The only other winner was Wes Bailey of Mead, who had great day, in the 300 hurdles with a personal record of 38.20.
“I’ve been waiting for that,” said the sophomore who anchored the second-place 400 relay (42.48) and finished fourth in the 200 (22.32). “I was tired of Garrett (Gerling of Walla Walla) beating me. I just had to prove to everyone that sophomores can be strong.”
There was another motivating factor as well.
“Last night we were counting totals up what we can get and they decided to put me in third place,” he said. “That kind of sparked a fire in me, got me a little mad, so I had to prove to my team that I could get first place.”

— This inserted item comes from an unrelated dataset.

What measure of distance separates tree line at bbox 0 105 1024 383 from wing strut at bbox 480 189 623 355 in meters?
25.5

Ferris senior Adam Thorne, who has a history of disappointments at state, was a strong second (PR, 4:10.44) in the 1,600 behind two-time winner Shane Moskowitz of
“You always want to win but it was great,” said Thorne, who made his move on Moskowitz with about 200 meters to go. “Recently I’ve been able to out-kick people the last 100. I knew that he would jump me at some point in time. I thought I could just latch on to him and hopefully he’d go too early. But he finished awesome.”
There isn’t a lot more to be said about Baylee Mires, who toyed with the field in the 800 (2:15.46) and again in the 1,600 (4:53.52), except that she is emotional.
After finishing the Panthers’ ho-hum relay win (3:55.94), made easy because senior Jazmine Redmon, who was second in the 400 with a PR of 57.23, went from seventh to good-bye on the third lap, Mires broke down.
“I ran for her,” she said after embracing Redmon, “and now I’m a wreck.”
Which brought the first two runners, sophomore Tymen Grant and freshman Peyton Barcellos, to the edge of tears.
Redmon was even more emotional than after the 400, when she said, “I’m happier than I’ve ever been. I was expecting this place at all. I wanted a PR but second place is better than any PR.”
“It’s over,” the future Gonzaga basketball player said later. “I’m never going to use a (starting) block again. Dori told us we needed to put on a show to top it off.”
Another emotional Panther was Tasha Clark, who was the state pole vault leader all year, who had her sights set on a state record only to finish at 12-feet, three inches shy of her best, and believing she had lost.
“I wanted at least a shot at my PR,” she said. “I think I was a little stressed because I thought I was losing going into 12-3 and it put more pressure on. I didn’t find out I won until a few minutes ago.”
The wind, which pounded runners in the home stretch all day, was a cross wind for the vaulters.
“The wind was kind of a factor and I didn’t get on my new pole I wanted to use,” she said. “But it’s OK since I won.”
Shannon Johnson was close to becoming the second-straight Central Valley thrower to win the javelin, only to see Jamie Weisner of Walla Walla, who burned the Bears with 34 points in a basketball playoff win, get her by 15-inches with a last throw of 135-feet, 1-inch.
“I wanted the school record and I wanted to win,” Johnson said. “She came out and competed better, that happens. I felt good, I just didn’t live up to the standards I set for myself.”